Leerkrachten vinden deze mondige categorie ouders van prinsjes/prinsesjes lastig om mee om te gaan. Waar het doel zou moeten zijn om samen met ouders de leerlingen optimaal in hun kracht te zetten, worden leerkrachten soms zelfs in de aanwezigheid van de leerling ter verantwoording geroepen. Er wordt aan de intentie van leerkrachten getwijfeld en dat is lastig om mee te dealen.

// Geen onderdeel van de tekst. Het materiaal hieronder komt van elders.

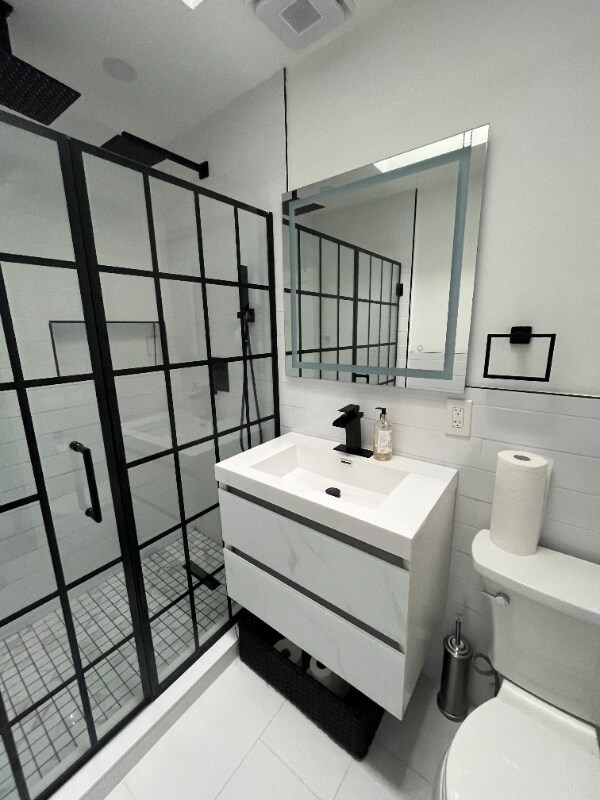 Building Photo - 7132 Kindred St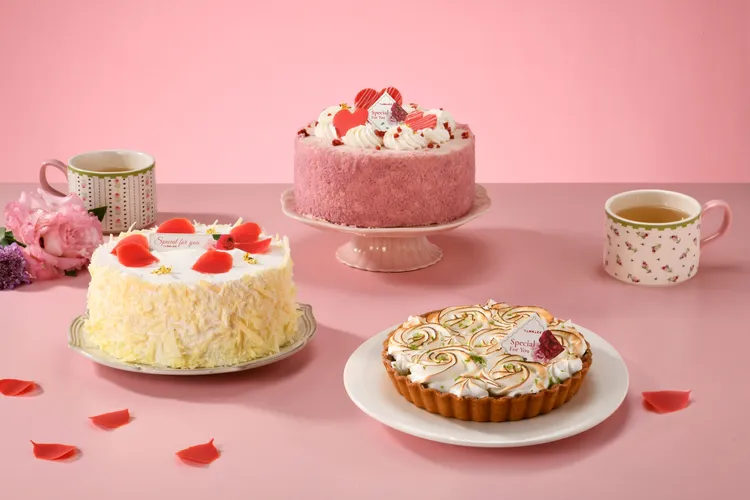 亞尼克歡慶母親節，隨享卡會員享多款甜點蛋糕9折優惠。紅心女王(上)、玫瑰馨樂園(中)、馨花朵朵青檸派(下)。業者提供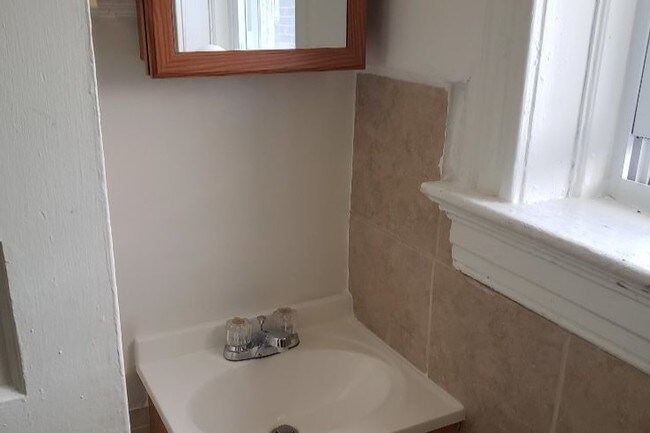 Baño - 4628 Enright Ave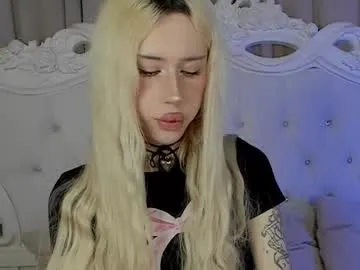 Lololevy – webcam model profile photo Image 8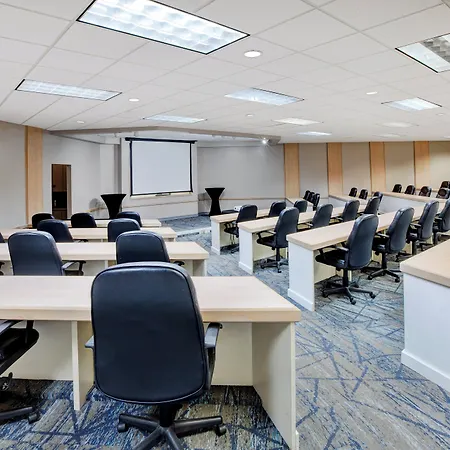 Express Nashville-downtown - Broadway By Ihg Hotel 3*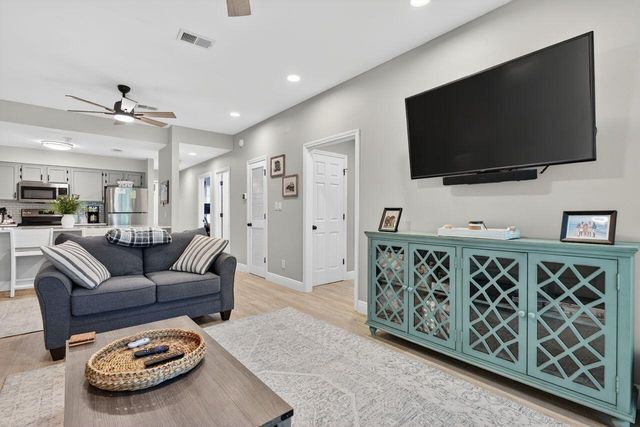 200 Sandestin Lane APT 708, Miramar Beach, FL 32550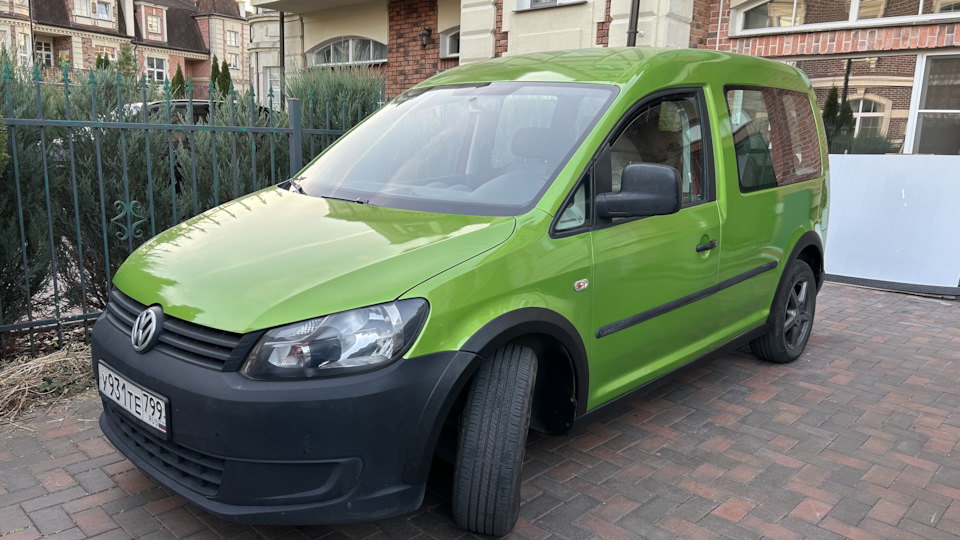 Volkswagen Caddy Viper green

Een school moet kinderen voorbereiden op de toekomst. Niet alleen qua leerstof, maar ook hoe je omgaat met elkaar en situaties die je misschien niet direct heel leuk vindt. Openbare scholen willen passend onderwijs voor alle kinderen. Dat betekent onder andere dat je ook je best doet als het even lastig gaat met een leerling. Dan zeg je niet jij mag hier niet meer zijn, want jij doet soms vervelend. Tuurlijk, het moet wel veilig blijven, maar het mag toch ook een kans krijgen? Ouders van prinsjes en prinsesjes zullen dat in theorie natuurlijk altijd volgen. Maar zij hanteren vervolgens het ‘not in my backyard’ principe. Hun kind mag geen problemen ervaren, geen gedoe en moet de leukste juf of meester, de klas die ouders bepalen en ga zo maar door.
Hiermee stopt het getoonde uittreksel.